- Unemployment Claims forecast at pandemic low of 700,000.
- Nonfarm Payrolls added 545,000 positions in January and February.
- End of most business restrictions should help put the brake on layoffs.
- Markets watching for all signs of US economic acceleration.
- Dollar and yields will benefit from improving labor statistics.
The long struggle of US employers to overcome the devastation of the lockdowns may finally be breaking new ground as unemployment requests are expected to fall to their lowest level of the pandemic.
Initial Jobless Claims are forecast to drop to 700,000 in the week of March 12 and Continuing Claims to 4.07 million, as business closures end and social restrictions are lifted across most of the nation. The prior low was 711,000 on November 6.
Initial Claims
The end of California's lockdown in January and the gradual reopening of most of the country has had a beneficial effect on layoffs.
The four-week moving average for claims has fallen from 856,500 in the final week of January to 759,000 on March 5. If this week's forecast of 700,000 is correct the average will post a pandemic low of 725,500, finally improving on the November 27 total of 740,500.
Initial Jobless Claims, 4-week moving average
A year of economic turmoil has left small businesses in dire shape. Even though growth is expected to accelerate in the first and second quarters for some proprietors the revival will come too late.
Claims will likely continue at elevated but slowly declining rates for several months as the lockdown fallout works its way through the economy.
Nonfarm Payrolls and GDP
Job creation has rebounded from December's loss of 306,000 with US firms adding 545,000 employees in January and February.

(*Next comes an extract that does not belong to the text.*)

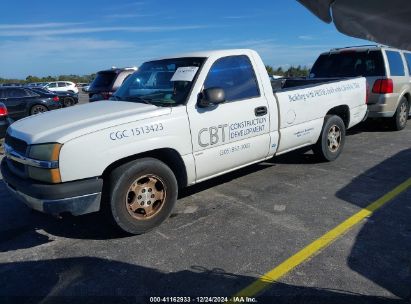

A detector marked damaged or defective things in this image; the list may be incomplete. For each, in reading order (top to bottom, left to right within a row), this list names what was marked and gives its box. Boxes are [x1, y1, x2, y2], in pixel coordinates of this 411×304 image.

rusty wheel [125, 175, 166, 220]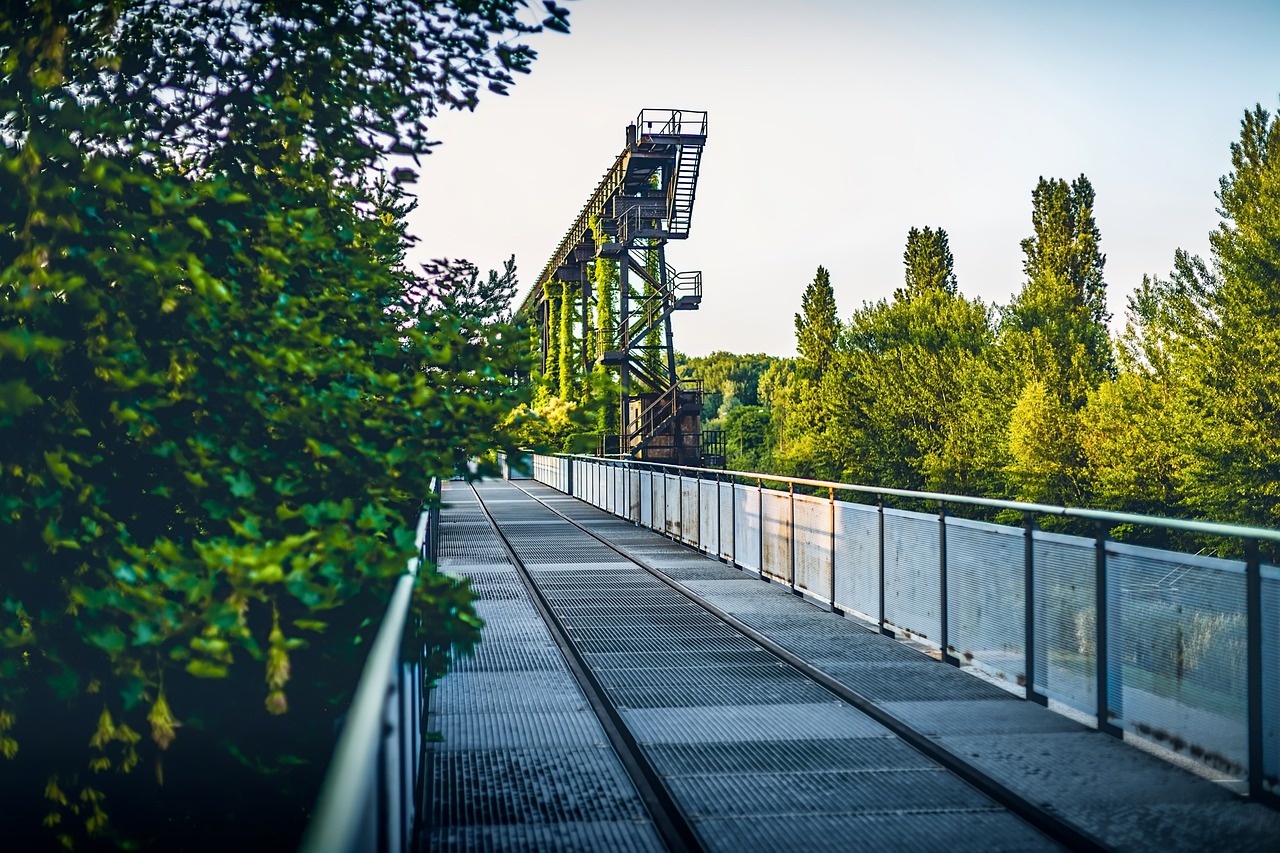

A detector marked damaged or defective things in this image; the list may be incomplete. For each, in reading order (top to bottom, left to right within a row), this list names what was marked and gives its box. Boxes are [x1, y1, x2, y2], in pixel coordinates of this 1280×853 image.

rusty steel tower [517, 108, 716, 466]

In the strict accounting of Nonfarm Payrolls (NFP) the US economy has regained only 57%, 12.9 million, of the 22.3 million jobs lost in March and April last year.
Hiring should return at a much faster pace in the second quarter as the restaurants, hospitality and travel sectors begin to recover clients and receipts.
Nonfarm Payrolls
FXStreet
Stimulus spending and the pandemic retreat
Washington has added over three trillion dollars of stimulus spending to the economy since the November election. The most recent individual awards of $1400 should hit bank accounts this month. This largess should prompt an outburst of consumer spending in late March and April as the previous gift did in January when Retail Sales jumped 7.6%.

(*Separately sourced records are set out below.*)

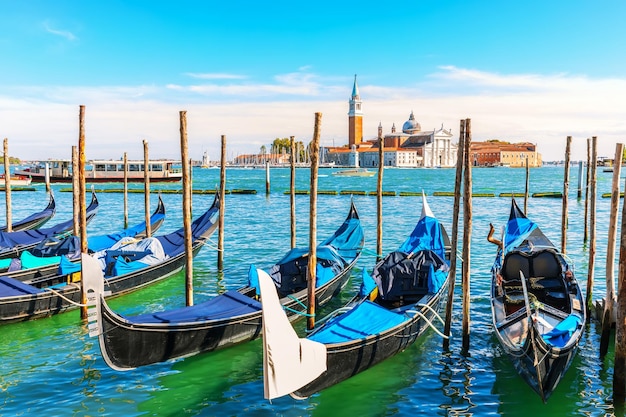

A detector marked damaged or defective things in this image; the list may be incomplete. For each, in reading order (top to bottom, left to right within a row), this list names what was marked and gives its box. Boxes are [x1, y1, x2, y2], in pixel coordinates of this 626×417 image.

rusty metal pole [304, 112, 320, 330]
rusty metal pole [444, 118, 464, 350]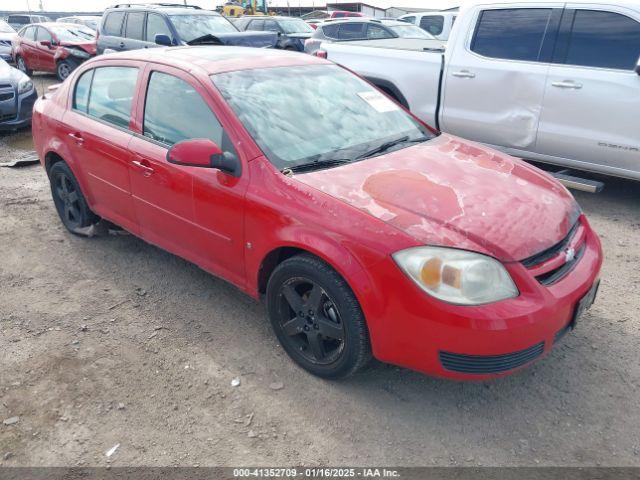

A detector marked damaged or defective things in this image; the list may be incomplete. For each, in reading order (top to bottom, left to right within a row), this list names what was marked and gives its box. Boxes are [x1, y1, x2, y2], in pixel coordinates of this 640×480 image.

damaged vehicle [12, 22, 96, 80]
damaged vehicle [96, 2, 276, 54]
damaged vehicle [0, 57, 37, 130]
damaged vehicle [35, 47, 604, 380]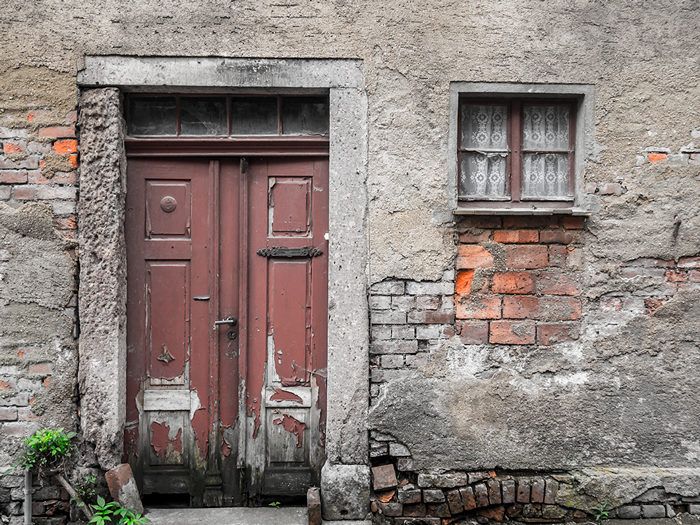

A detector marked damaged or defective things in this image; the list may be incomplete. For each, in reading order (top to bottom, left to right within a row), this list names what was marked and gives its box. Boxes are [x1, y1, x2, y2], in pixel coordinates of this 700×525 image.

peeling red paint [270, 386, 304, 404]
peeling red paint [150, 420, 183, 456]
peeling red paint [274, 414, 306, 446]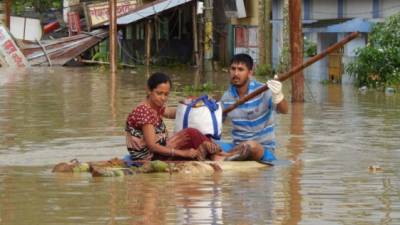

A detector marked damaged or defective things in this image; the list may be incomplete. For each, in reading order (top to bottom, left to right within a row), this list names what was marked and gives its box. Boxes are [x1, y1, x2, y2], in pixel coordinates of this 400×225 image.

damaged signboard [85, 0, 139, 27]
damaged signboard [0, 25, 29, 67]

It is hoped that with pandemic restrictions ended in most of the country, consumers will return to many of their in-person shopping and travel habits which may salvage the remaining small businesses.
Conclusion
Markets are focused on on the economic recovery. Falling Jobless Claims, by whatever amount, are good news for interest rates and the dollar.
Small businesses, which have borne the brunt of the economic destruction of the lockdowns, have some reason to hope.

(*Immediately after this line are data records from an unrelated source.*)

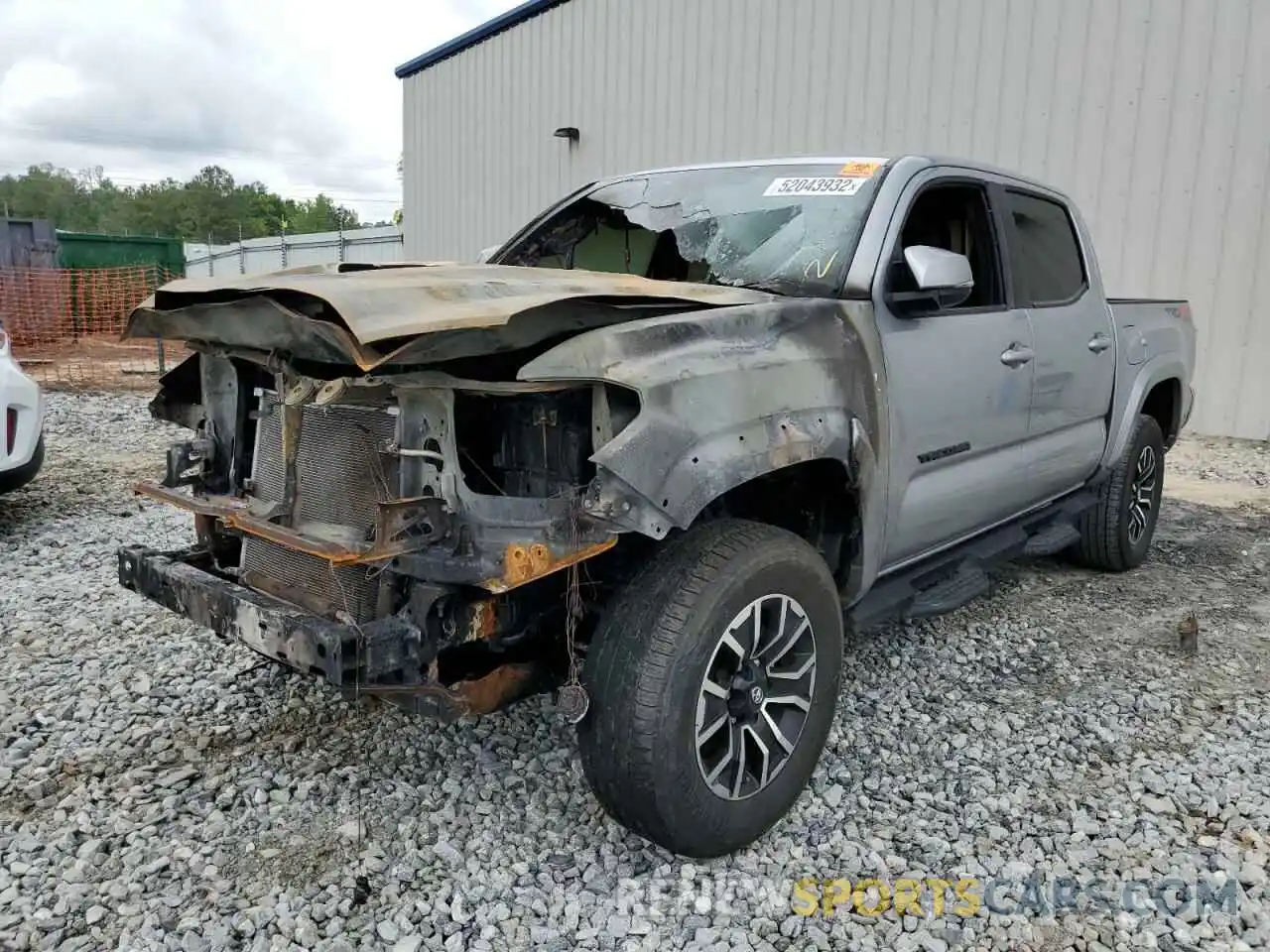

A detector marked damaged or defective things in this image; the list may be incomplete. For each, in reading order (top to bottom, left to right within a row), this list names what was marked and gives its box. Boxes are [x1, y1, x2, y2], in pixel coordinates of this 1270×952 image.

shattered windshield [490, 161, 889, 298]
warped hood panel [123, 262, 772, 370]
burnt hood [126, 261, 772, 373]
rusted metal [484, 540, 619, 594]
burned pickup truck [114, 157, 1194, 858]
burnt paint surface [520, 298, 889, 599]
charred fender [515, 298, 894, 604]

People may be ready to resume their normal lives and restart suspended activities. If that is the case, layoffs may fall far more rapidly than currently anticipated. On the other hand many of the changes wrought by the pandemic may be permanent and businesses that depend on old shopping habits may be doomed, even if the verdict takes time to arrive.
Layoffs and their reflection in Jobless Claims are a window into the new economy.